### Aim of the exercise
Pull out every line with the word "Dish" from the entries below.

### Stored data
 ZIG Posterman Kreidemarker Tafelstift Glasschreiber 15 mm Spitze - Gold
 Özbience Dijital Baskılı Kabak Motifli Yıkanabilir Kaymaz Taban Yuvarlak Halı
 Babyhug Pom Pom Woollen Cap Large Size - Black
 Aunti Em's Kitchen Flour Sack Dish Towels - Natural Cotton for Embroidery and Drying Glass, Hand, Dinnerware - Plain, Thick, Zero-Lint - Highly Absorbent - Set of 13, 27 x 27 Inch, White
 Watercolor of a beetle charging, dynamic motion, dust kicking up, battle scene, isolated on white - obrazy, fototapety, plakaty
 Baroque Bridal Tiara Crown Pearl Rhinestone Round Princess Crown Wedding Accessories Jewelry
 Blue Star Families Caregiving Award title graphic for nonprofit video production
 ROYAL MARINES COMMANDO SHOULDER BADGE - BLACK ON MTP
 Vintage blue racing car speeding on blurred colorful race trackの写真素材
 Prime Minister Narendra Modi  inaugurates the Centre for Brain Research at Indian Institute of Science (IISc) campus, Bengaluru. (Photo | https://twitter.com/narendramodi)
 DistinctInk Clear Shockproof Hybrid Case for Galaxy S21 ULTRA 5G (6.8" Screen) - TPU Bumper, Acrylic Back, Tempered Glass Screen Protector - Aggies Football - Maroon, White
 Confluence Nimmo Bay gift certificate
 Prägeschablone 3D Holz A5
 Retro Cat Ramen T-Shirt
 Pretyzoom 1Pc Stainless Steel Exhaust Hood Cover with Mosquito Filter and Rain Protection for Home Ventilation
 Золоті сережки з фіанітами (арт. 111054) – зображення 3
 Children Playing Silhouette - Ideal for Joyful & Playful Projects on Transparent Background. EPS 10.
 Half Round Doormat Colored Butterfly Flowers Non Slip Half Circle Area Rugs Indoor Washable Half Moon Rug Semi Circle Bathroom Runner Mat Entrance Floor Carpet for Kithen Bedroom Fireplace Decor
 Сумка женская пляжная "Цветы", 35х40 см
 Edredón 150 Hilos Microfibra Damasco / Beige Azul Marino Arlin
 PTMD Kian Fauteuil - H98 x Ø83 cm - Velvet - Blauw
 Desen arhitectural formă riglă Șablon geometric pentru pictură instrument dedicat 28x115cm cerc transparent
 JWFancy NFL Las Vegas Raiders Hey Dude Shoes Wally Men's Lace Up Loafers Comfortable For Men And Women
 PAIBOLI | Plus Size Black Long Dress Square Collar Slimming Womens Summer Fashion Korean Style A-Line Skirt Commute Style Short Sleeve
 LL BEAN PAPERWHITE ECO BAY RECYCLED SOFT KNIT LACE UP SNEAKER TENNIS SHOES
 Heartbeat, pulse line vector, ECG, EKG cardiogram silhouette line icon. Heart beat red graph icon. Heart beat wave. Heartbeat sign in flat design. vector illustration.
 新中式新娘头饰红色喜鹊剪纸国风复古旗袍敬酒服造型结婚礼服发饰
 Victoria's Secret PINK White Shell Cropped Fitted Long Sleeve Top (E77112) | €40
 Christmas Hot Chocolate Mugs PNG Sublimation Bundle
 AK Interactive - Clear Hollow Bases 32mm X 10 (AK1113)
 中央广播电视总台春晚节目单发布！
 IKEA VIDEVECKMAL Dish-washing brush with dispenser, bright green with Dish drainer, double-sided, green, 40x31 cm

### Answer to this task
 Aunti Em's Kitchen Flour Sack Dish Towels - Natural Cotton for Embroidery and Drying Glass, Hand, Dinnerware - Plain, Thick, Zero-Lint - Highly Absorbent - Set of 13, 27 x 27 Inch, White
 IKEA VIDEVECKMAL Dish-washing brush with dispenser, bright green with Dish drainer, double-sided, green, 40x31 cm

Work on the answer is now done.